Aare - Die Deutsche Maria Riesch hat am Freitag ihren 19. Sieg im alpinen Ski-Weltcup gefeiert. Die 26-jährige Olympiasiegerin gewann die Super-Kombination in Aare vor der slowenischen Vizeweltmeisterin Tina Maze (+0,40) sowie der Steirerin Elisabeth Görgl (0,66). Mit dem dritten Super-Kombi-Erfolg ihrer Karriere baute Riesch die Führung im Gesamt-Weltcup auf die zweitplatzierte US-Titelverteidiger Lindsey Vonn, die nach Bestzeit im Super-G im Slalom auf Rang sechs zurückfiel, auf 216 Punkte aus.

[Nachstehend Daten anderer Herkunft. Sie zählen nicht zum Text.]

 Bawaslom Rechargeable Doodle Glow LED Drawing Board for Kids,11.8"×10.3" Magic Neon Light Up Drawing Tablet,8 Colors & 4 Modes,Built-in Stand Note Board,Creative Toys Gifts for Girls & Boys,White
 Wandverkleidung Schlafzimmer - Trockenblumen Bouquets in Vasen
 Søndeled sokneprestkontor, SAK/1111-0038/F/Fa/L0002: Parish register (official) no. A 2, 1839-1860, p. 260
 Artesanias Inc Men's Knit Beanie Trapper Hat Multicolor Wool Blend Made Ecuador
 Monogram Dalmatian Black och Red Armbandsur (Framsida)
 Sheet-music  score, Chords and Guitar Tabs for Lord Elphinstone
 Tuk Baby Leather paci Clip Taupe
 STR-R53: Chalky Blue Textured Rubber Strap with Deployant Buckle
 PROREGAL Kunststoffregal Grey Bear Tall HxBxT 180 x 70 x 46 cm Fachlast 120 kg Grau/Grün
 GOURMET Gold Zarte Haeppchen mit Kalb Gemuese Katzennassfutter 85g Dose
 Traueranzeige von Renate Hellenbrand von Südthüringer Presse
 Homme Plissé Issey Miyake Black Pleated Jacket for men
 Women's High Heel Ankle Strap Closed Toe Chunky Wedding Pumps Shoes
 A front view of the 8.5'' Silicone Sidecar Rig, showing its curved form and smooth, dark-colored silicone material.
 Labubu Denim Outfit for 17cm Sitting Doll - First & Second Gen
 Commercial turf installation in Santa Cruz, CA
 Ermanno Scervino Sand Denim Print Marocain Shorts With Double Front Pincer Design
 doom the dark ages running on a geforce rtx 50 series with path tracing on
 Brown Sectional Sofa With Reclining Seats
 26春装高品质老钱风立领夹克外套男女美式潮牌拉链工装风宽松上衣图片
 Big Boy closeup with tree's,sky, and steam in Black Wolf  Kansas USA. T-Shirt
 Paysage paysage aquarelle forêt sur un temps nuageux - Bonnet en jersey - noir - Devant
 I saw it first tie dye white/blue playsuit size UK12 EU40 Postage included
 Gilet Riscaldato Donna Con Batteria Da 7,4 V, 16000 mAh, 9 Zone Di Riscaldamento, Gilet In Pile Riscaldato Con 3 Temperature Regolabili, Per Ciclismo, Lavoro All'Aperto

"Das war ein Schritt in die richtige Richtung. Eine Kombi habe ich schon lange nicht mehr gewonnen. Das gibt mir ein gutes Gefühl für die nächsten zwei Tage", betonte die Bayerin nach ihrem fünften Sieg im WM-Winter bereits mit Blickrichtung auf die Abfahrt am Samstag und den Super-G am Sonntag (jeweils 10.30 Uhr). Zuletzt hatte Riesch am 20. Februar 2009 eine Super-Kombi im Weltcup für sich entschieden.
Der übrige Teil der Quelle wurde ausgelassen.